I prefer in my heavy clay, Oregon rain soaked soil, to use cheap bark chips that the local electric company grinds up and delivers for free....it is predominately fir and pine. We (as in my beloved husband) at least once a year, often twice, adds a new heavy layer on top of all our main area that the bird's free range in. (They killed the grass long ago with over grazing).

That's for my large areas. For smaller run areas, that receive heavy use as I pen them there overnight to release for general yard during the day, I prefer pine shavings, finer than heavier. It's cheap and the carbon material (wood chips) binds with the ammonia in the bird poo to keep smell and bacterial growth down. The pine chips are especially good for that as pine has a natural anti-microbial factor (if in doubt, look at the ingredients of Pine-Sol cleanser).

Some fear pine for birds due to the oil, but I've never ever had a problem if you have good ventilation. Just never use cedar chips as that will cause problems with their respiratory systems. I use the deep litter method where I dump fresh pine shavings on top of the dirty run litter (unless I have illness break out, then I scoop and remove). Twice a year I alert my gardening friends that I've got compost! They come with buckets, shovels and a smile...and I get my coop runs cleaned.

Some like to use sand, and that can be an awesome choice in the right area.

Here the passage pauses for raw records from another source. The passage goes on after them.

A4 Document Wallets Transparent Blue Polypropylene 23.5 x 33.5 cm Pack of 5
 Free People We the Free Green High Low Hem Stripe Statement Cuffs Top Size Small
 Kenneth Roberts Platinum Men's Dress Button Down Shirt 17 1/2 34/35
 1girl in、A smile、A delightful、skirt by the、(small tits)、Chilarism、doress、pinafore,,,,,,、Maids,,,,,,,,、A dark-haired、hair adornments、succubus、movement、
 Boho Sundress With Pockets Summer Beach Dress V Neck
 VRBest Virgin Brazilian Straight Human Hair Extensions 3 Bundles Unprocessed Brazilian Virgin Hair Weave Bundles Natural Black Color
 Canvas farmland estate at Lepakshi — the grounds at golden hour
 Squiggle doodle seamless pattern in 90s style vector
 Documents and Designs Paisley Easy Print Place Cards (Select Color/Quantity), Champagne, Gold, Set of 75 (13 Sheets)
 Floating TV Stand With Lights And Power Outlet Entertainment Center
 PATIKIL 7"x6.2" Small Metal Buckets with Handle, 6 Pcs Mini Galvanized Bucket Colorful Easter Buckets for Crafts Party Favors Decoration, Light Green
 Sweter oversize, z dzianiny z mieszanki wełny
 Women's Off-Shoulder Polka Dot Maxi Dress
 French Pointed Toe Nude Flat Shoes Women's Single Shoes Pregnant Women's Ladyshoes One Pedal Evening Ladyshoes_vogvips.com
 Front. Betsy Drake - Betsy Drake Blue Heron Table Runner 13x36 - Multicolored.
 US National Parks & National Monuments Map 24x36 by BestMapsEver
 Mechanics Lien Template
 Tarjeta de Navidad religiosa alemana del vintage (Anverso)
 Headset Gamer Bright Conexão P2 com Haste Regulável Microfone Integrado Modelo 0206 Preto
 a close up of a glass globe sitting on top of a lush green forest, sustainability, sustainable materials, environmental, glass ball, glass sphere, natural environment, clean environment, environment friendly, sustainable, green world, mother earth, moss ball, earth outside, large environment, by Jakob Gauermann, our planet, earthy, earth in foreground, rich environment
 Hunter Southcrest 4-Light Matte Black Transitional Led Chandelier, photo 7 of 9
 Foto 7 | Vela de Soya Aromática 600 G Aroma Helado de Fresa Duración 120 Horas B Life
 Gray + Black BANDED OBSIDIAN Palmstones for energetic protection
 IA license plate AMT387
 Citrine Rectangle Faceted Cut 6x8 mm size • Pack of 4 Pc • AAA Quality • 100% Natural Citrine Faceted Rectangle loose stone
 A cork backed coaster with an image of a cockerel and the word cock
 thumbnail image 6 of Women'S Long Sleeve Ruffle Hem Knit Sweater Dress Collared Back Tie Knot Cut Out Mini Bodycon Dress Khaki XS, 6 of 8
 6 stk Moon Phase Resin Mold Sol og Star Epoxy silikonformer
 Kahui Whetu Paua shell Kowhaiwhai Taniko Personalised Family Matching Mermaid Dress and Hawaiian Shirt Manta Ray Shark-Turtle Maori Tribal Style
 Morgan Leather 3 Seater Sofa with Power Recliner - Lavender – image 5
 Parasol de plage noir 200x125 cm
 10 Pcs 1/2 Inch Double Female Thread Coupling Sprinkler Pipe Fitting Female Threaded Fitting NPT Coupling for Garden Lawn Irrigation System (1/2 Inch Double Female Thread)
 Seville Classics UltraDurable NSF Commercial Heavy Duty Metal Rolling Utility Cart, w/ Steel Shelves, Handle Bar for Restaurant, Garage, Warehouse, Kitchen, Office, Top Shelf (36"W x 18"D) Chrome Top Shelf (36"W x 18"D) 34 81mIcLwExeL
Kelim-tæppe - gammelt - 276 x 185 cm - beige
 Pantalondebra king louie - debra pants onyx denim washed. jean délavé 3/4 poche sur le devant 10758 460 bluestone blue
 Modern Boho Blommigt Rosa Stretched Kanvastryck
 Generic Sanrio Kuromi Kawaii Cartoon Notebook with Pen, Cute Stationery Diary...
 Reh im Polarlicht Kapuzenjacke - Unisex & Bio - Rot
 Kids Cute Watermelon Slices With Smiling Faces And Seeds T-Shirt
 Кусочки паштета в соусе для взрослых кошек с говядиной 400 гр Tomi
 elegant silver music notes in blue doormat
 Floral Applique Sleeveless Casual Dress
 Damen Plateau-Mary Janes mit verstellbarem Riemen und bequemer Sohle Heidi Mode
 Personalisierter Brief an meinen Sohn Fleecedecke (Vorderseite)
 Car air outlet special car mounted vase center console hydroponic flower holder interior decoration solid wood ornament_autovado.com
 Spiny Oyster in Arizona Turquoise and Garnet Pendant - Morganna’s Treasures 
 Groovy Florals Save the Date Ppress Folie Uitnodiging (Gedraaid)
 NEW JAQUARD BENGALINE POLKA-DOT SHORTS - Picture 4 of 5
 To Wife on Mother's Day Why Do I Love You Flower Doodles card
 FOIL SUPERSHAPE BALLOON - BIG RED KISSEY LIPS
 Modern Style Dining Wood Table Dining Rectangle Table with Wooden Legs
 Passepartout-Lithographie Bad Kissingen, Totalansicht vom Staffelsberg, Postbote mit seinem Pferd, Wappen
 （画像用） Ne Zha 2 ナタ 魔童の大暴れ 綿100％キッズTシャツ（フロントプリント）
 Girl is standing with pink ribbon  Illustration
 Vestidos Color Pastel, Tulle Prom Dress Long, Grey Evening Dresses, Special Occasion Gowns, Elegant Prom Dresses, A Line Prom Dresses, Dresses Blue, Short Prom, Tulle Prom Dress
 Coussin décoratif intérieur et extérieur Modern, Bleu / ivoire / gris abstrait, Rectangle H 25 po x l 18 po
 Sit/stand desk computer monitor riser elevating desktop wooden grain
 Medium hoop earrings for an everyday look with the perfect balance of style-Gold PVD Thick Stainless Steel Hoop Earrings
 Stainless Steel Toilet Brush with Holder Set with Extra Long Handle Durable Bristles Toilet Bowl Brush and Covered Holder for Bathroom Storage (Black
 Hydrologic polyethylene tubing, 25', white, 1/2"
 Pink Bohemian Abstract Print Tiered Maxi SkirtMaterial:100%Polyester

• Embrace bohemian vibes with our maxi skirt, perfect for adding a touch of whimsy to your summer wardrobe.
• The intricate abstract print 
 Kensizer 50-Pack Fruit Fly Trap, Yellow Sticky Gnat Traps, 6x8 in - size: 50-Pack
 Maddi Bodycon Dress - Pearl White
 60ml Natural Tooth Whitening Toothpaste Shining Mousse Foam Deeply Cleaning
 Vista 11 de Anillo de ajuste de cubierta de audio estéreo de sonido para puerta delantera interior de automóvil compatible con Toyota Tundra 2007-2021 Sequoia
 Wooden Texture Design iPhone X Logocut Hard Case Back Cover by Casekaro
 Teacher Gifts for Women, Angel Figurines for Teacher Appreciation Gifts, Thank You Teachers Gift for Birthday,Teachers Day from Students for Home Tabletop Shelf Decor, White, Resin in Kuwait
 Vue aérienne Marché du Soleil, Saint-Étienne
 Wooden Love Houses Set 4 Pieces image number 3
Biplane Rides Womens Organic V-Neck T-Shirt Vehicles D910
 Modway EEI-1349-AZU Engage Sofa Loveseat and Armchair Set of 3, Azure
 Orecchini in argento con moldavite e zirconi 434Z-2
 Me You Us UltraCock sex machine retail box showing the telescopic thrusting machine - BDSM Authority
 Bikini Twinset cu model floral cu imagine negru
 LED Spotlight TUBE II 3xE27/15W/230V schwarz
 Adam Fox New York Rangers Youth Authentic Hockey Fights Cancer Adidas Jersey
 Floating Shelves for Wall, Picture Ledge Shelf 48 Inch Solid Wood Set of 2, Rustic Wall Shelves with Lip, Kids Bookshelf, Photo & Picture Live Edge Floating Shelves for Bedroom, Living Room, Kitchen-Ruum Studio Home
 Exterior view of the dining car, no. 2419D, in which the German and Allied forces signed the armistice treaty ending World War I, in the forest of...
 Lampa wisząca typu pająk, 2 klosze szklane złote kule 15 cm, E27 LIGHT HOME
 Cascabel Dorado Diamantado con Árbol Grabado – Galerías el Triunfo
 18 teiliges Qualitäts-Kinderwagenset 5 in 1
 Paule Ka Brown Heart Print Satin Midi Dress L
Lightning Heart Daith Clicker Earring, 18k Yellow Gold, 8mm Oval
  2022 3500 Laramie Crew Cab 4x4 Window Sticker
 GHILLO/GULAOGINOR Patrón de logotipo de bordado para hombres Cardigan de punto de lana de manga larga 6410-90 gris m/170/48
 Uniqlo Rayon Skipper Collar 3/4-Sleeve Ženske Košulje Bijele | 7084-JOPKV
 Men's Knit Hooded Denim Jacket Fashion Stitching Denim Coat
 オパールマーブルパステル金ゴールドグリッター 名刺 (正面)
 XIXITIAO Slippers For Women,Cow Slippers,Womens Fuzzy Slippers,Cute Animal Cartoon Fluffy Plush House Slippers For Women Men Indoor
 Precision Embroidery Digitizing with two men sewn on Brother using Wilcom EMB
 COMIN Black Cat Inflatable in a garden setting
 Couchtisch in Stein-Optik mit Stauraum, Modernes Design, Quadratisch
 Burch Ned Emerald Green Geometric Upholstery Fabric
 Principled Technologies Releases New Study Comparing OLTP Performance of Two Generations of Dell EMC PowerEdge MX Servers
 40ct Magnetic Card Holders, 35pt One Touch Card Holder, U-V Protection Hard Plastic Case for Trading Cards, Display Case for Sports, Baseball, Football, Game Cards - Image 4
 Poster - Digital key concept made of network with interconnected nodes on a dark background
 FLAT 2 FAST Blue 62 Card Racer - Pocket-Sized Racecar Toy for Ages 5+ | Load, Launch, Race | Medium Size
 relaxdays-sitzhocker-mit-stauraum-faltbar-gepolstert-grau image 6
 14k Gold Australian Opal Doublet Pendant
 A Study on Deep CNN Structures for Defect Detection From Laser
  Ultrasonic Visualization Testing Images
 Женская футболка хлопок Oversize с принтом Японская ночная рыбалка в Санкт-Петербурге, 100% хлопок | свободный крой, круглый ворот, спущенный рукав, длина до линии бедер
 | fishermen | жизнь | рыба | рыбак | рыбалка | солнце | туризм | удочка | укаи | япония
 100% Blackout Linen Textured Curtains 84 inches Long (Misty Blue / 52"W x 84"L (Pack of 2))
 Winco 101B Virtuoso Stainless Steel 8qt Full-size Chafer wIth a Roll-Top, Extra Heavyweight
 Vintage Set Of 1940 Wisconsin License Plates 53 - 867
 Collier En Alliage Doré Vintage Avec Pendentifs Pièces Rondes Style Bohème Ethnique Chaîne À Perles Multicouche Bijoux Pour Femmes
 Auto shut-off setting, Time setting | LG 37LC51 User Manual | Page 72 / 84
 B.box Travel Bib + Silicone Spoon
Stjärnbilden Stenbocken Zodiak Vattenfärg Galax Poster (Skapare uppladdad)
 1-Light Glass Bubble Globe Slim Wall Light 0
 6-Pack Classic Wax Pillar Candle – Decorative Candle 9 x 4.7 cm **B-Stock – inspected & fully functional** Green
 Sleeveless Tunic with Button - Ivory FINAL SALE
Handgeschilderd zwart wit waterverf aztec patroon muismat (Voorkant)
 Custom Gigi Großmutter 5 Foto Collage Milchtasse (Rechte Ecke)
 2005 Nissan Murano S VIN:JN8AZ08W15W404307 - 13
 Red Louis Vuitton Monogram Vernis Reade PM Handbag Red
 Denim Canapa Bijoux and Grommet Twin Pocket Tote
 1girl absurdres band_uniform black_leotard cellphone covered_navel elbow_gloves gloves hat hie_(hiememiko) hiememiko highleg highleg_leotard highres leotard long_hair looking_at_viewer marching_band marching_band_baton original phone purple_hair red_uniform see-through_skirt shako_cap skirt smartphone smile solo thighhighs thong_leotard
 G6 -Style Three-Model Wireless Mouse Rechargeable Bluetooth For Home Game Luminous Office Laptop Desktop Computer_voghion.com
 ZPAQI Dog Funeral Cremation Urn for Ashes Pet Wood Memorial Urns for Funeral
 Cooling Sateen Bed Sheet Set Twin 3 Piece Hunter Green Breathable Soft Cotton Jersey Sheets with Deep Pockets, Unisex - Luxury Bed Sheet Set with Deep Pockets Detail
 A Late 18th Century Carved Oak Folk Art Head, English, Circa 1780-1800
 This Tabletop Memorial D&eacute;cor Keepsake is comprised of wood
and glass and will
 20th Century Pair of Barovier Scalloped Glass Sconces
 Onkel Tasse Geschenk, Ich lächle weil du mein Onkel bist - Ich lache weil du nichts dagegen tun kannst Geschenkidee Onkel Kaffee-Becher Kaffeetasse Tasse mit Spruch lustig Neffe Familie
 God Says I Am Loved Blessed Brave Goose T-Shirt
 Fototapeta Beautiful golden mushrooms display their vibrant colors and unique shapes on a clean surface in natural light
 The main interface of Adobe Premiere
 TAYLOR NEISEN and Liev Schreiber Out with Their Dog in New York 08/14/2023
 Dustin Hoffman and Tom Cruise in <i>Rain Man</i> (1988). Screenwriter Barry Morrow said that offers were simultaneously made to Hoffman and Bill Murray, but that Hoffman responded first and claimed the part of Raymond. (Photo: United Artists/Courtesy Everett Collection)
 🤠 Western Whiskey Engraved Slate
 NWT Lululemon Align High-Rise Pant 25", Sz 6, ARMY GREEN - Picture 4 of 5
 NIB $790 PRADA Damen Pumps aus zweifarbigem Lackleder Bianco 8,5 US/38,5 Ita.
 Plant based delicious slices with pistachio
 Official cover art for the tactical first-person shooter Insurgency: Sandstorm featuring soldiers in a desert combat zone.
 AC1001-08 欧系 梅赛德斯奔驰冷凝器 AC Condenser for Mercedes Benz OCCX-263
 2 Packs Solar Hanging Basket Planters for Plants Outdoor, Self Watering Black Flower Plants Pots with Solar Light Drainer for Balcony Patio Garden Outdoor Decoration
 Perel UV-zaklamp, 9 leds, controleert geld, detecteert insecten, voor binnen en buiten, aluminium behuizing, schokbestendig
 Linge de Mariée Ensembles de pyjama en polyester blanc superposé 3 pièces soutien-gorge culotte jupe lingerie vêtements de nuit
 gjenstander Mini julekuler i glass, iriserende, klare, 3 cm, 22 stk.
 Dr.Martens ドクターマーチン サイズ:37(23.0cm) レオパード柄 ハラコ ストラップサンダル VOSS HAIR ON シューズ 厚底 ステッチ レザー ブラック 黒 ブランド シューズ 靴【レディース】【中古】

I find sand tends to stagnate easier, and with my clay soil, sand and clay make concrete. It also is not great for compost unless you add a lot of organic material.

My personal least favorite is straw. While it has seed heads that the birds enjoy, I find it does not break down well for composting and carries a lot of weed seeds. It also molds easily in my wet area.

Use what works best for your needs and is cheap and easy to get.

As to the oxiclean...add a good heaping scoop to a gallon bucket of water...use that sudsy, bubbling mixture to scrub down the coop. If you've got heavy caked on organic material (poo and feed sludge), I've put dry on directly, then wet it down, then let it stand for 30 mintues, then scrub with soapy water. The organic material cleans off very easily. Beats a lot of scraping. Hydrogen Peroxide is a good disinfectant and will remove a lot of the oocysts if in a heavy concentration (30% or so...so you want a heavy suds) then allowed to stand for 20 to 30 minutes.

It's a very good disinfectant for feed bowls and water dispensers. Let sit for 20 minutes or so in the H2O2 bucket of water.